On a more serious note, Michelle shares that she sobbed upon leaving the White House, as “the release of eight years of trying to do everything perfectly. [As first lady,] every gesture you make, every blink of an eye, is analyzed. Your life isn’t yours anymore.”
In quieter, offstage moments, Michelle gets together with her mother, Marian Shields Robinson, and her brother, Craig Robinson, and shares memories as she flips through photo albums. She notes how in kindergarten, the class photo reflected the racial diversity of her neighborhood, while the eighth-grade class was all black because of white flight to the suburbs.
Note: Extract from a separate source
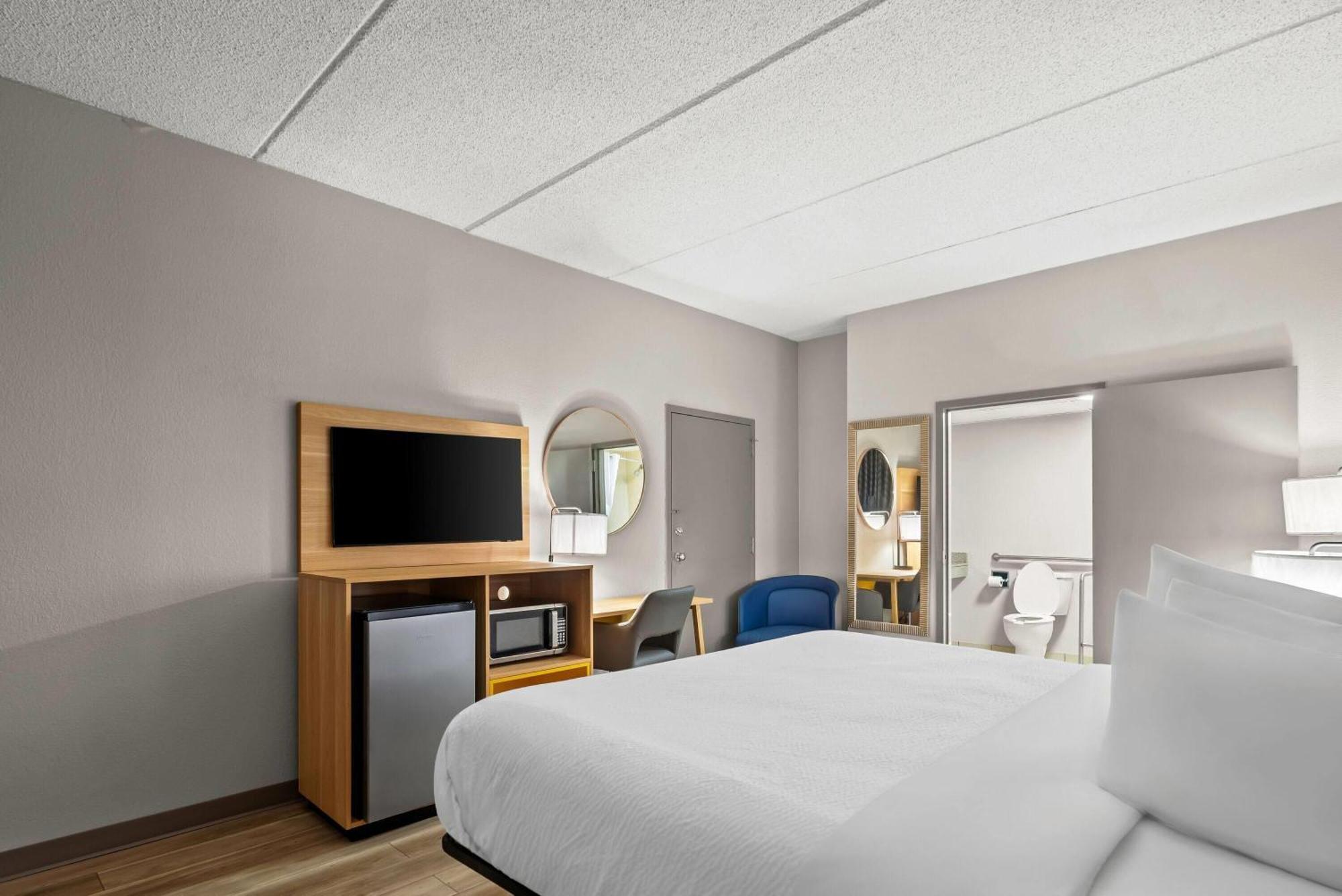 Days Inn By Wyndham Statesboro Esterno foto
At Princeton, Michelle was one of just a handful of minority students. “One of my roommates moved out because her mother was horrified I was black,” she says. “She felt her daughter was in danger.”
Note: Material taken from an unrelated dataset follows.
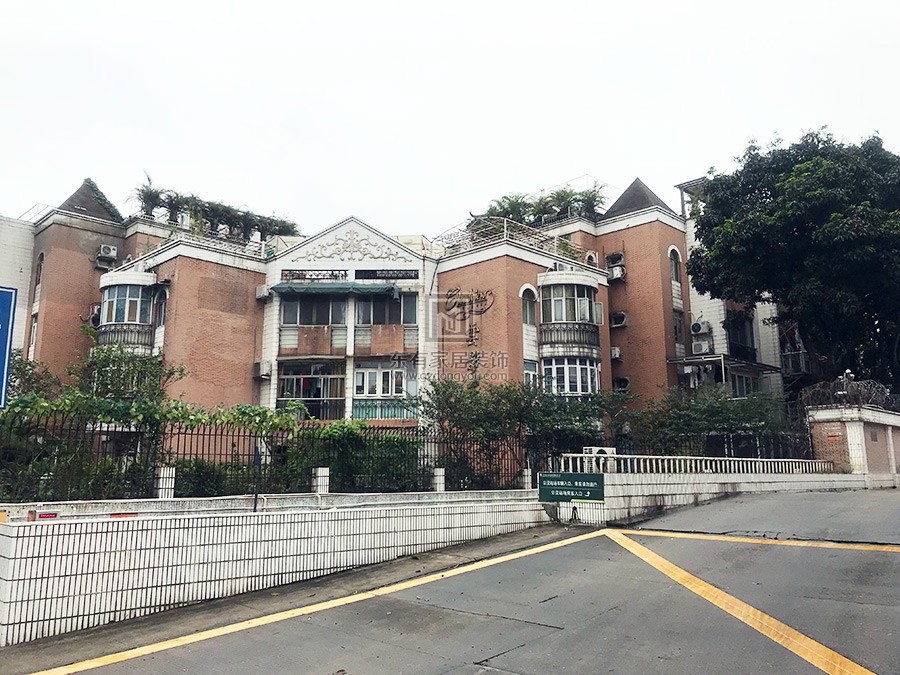 云影花園加裝鋼結(jié)構(gòu)陽臺(tái)、陽臺(tái)欄桿、玻璃雨棚 LG-039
For every sobering note, “Becoming” has a dozen uplifting moments, e.g., when Michelle meets with young women just starting out on their journeys, or when fans are moved to shaking and tears when meeting her, and she displays such grace and kindness with them. Then there’s the cameo by her husband, who is introduced by Valerie Jarrett and walks onstage with a bouquet of flowers and says, “This is like when Jay-Z comes out during the Beyonce concert,” and even does a little corny Dad-level rapping as Michelle says, “Oh, good Lord.”
On the last stop of the 34-city tour, Michelle closes with words to live by: “This country is good, people are good, people are decent. … I remain hopeful people want better, if not for themselves, then for the nation.”